***** Study material
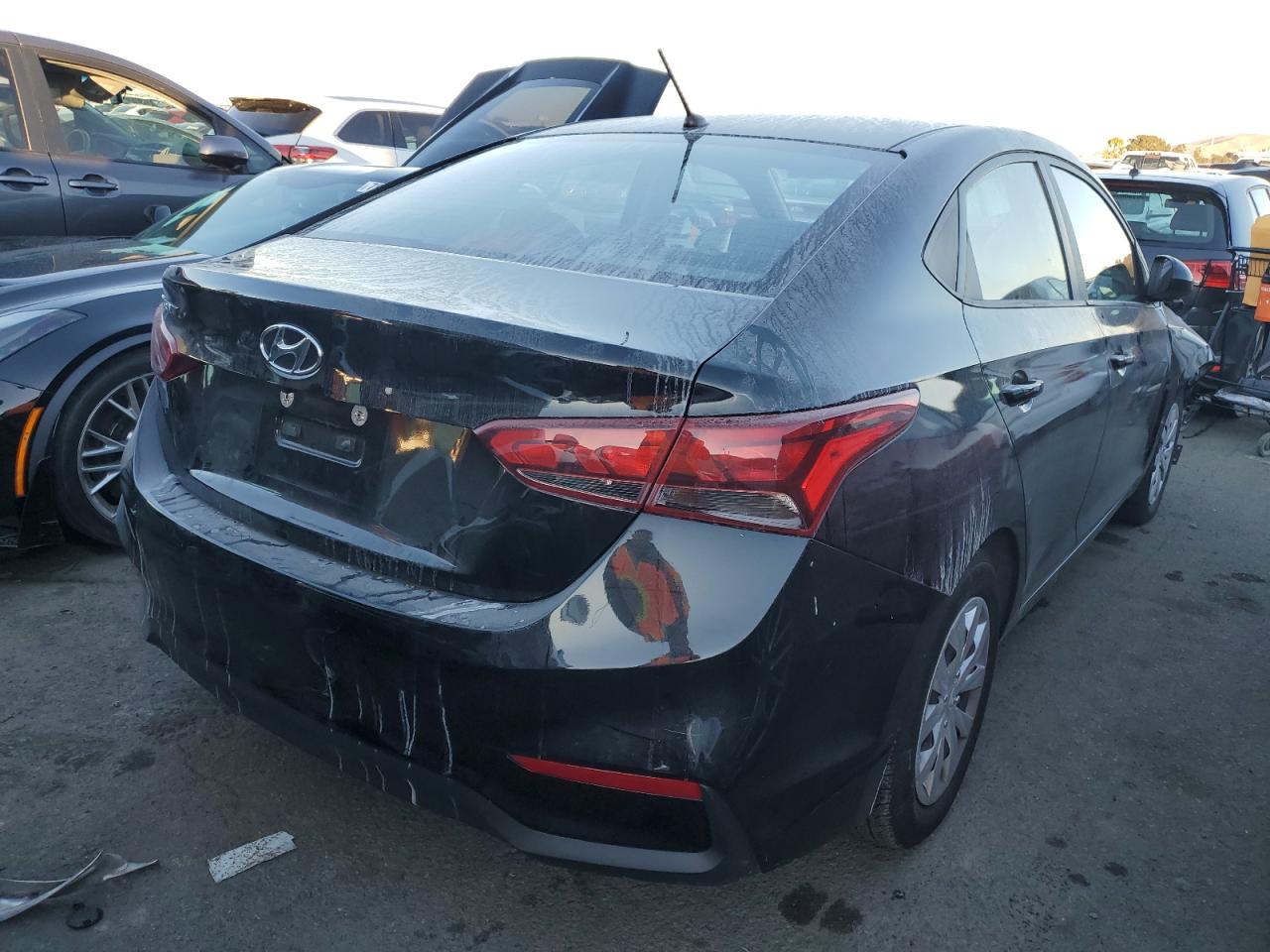 Obraz 3 z 2019 HYUNDAI ACCENT SE 2019 z VIN 3KPC24A39KE067116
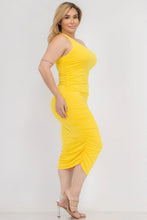 Load image into Gallery viewer, Plus Size Sexy Solid Color Ruched One Shoulder Midi Bodycon Dress

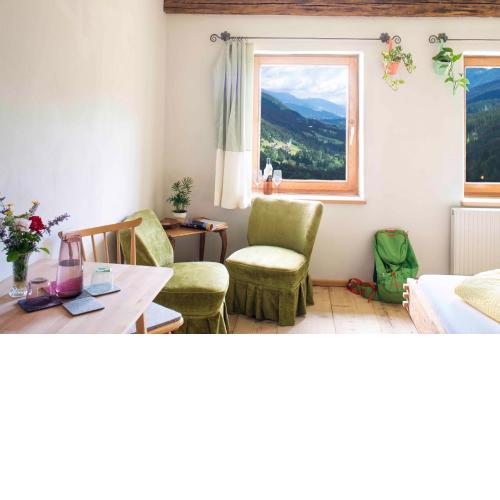 Hepi Lodge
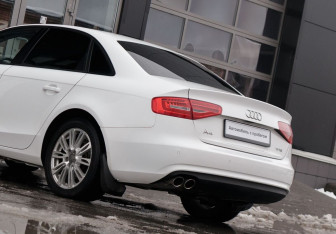 Подержанный автомобиль Audi A4 Sedan 2012 года (10 фото)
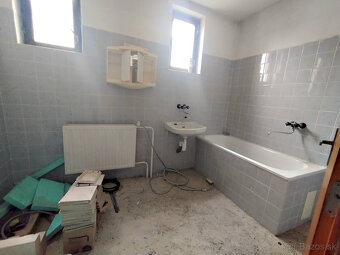 Rodinný dom na predaj – Snina, Sídlisko Brehy - 2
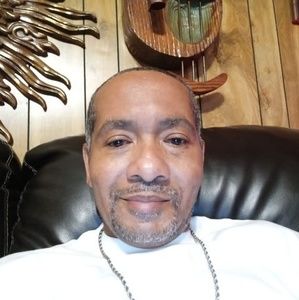 Meet your Posher, Gregory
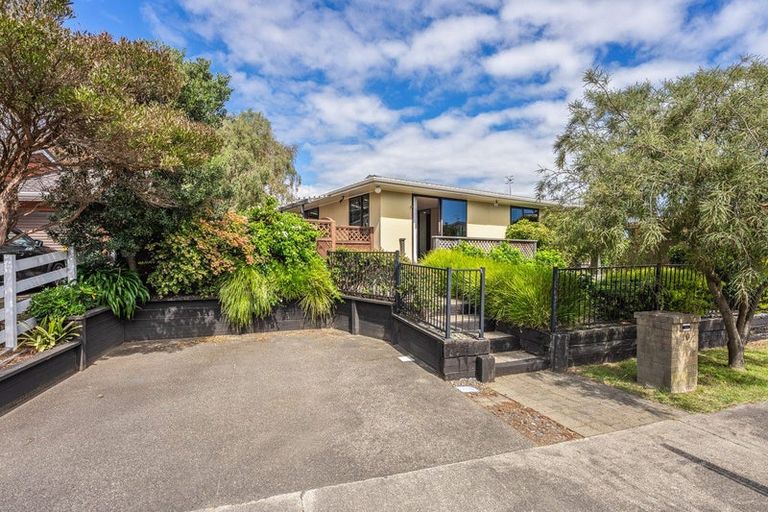 Photo of property in 10 Robert Grove, Paraparaumu, 5032
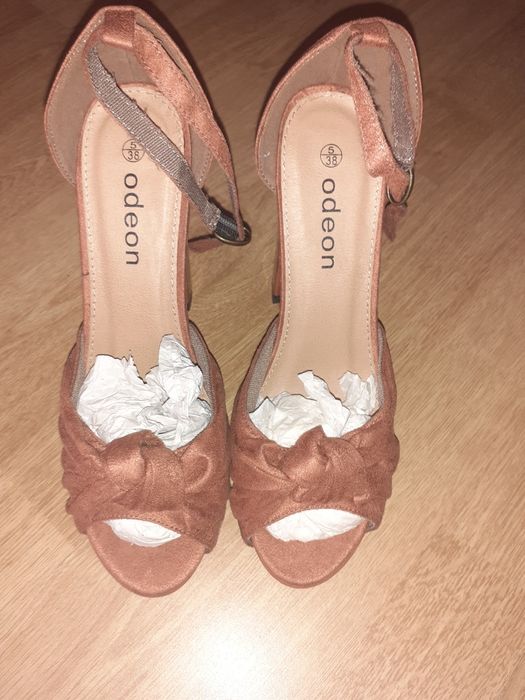 Sandale cu toc gros,marime 38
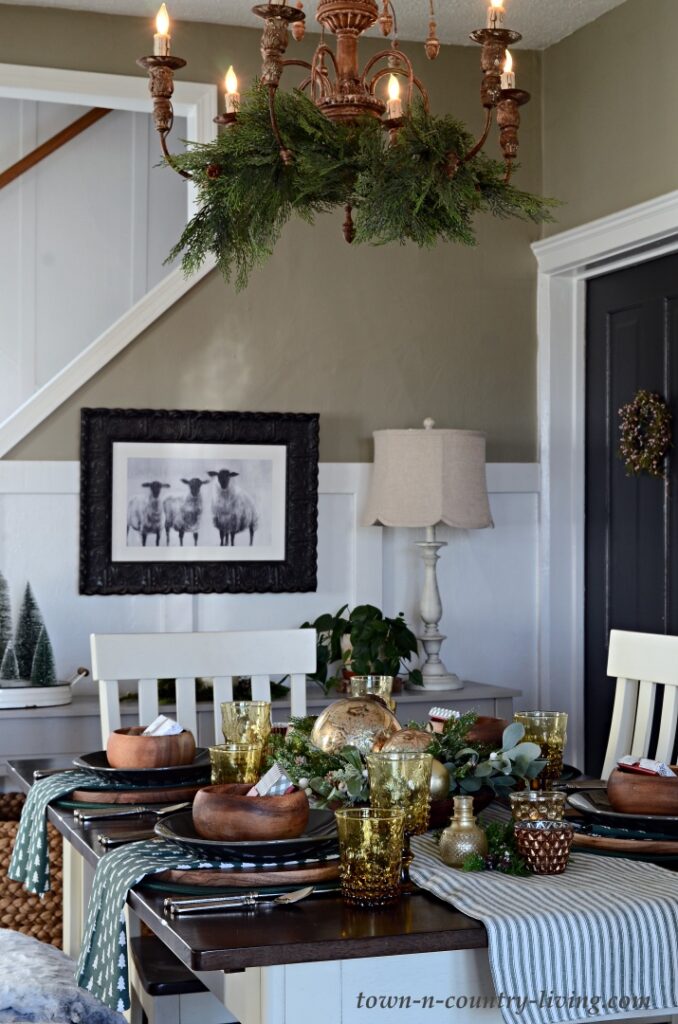 Christmas Country Home Tour - the Dining Room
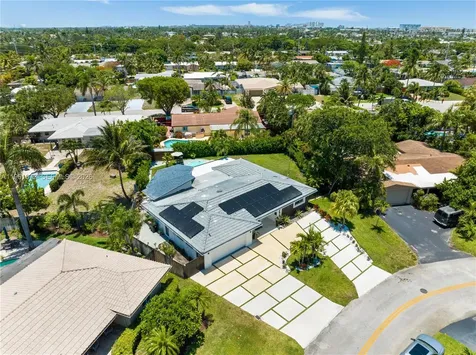 2701 NE 52nd Street Lighthouse Point FL 33064
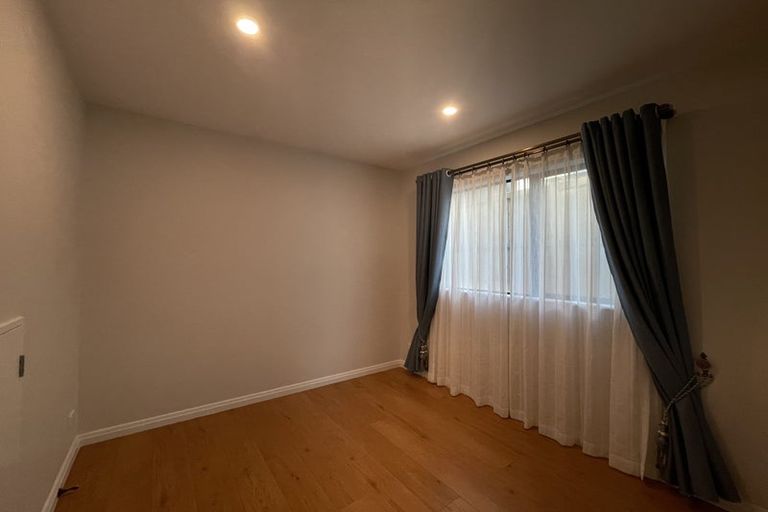 Photo of property in 323 Flat Bush School Road, Flat Bush, Auckland, 2019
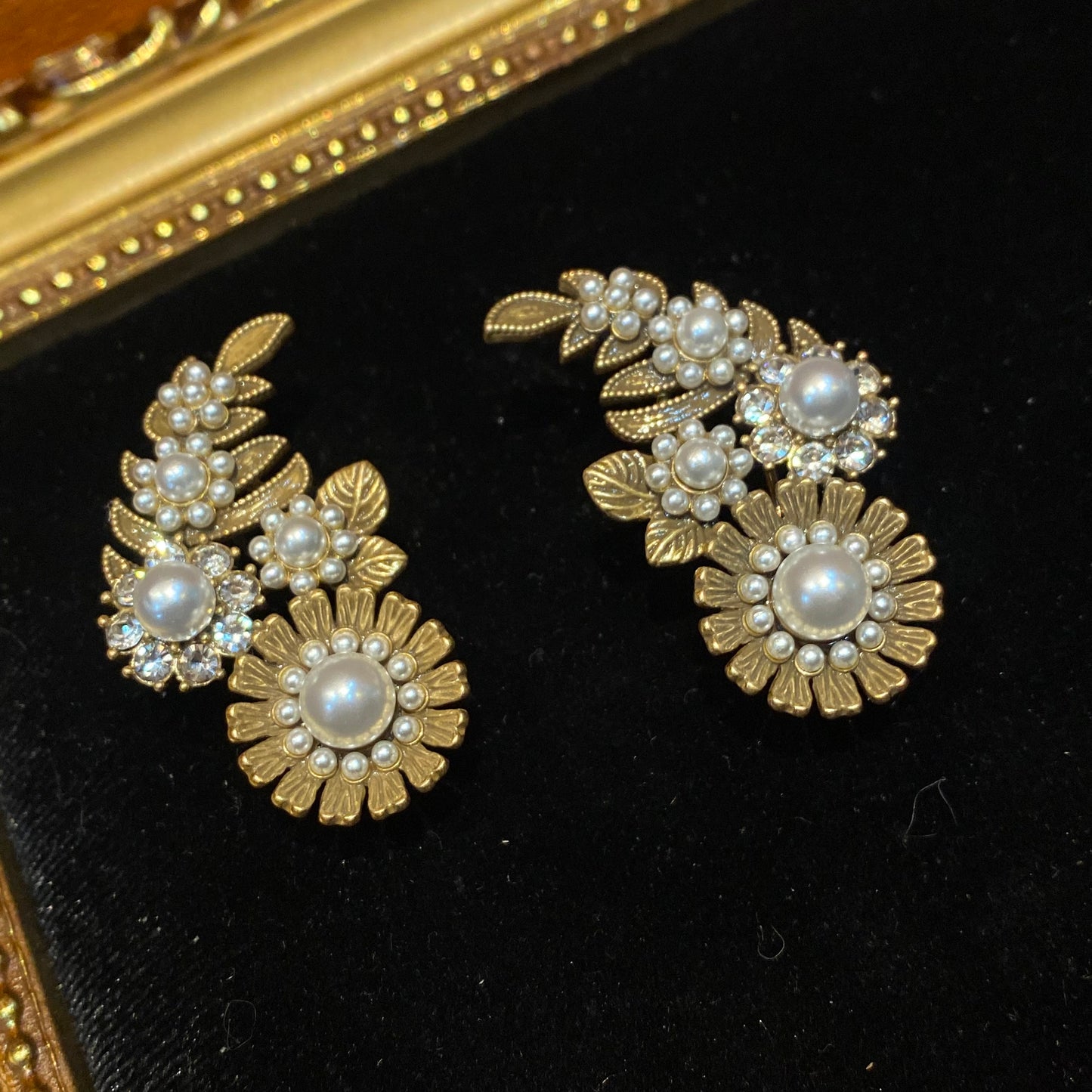vintage style 18k-gold plated brass flower shape earrings with glass pearls elegent earrings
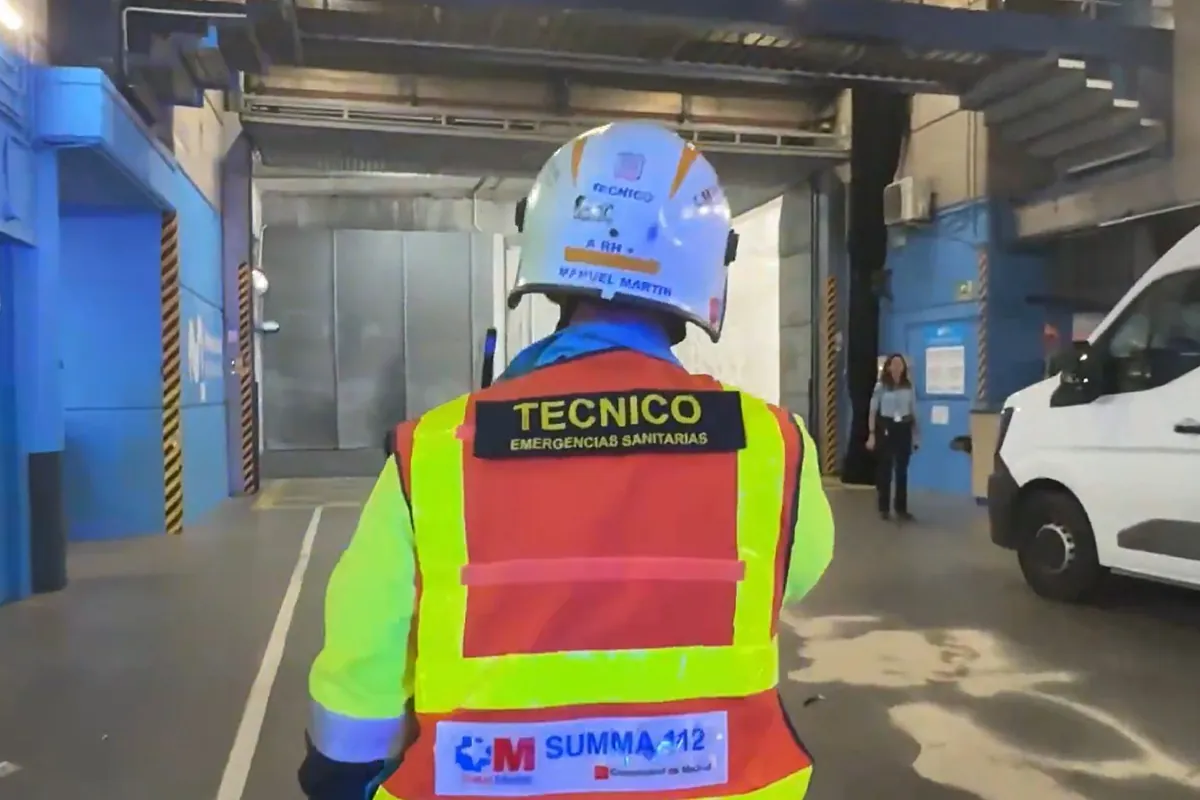 Muere un trabajador de 50 años tras precipitarse desde 30 metros de altura en el Movistar Arena: "Inexplicablemente se cayó"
**********
Task statement -
Lines from the one with "Sandale cu toc gros,marime 38" through the final line of the records are the whole answer; print them exactly, minus any pictures.

Answer to the problem -
 Sandale cu toc gros,marime 38
 Christmas Country Home Tour - the Dining Room
 2701 NE 52nd Street Lighthouse Point FL 33064
 Photo of property in 323 Flat Bush School Road, Flat Bush, Auckland, 2019
vintage style 18k-gold plated brass flower shape earrings with glass pearls elegent earrings
 Muere un trabajador de 50 años tras precipitarse desde 30 metros de altura en el Movistar Arena: "Inexplicablemente se cayó"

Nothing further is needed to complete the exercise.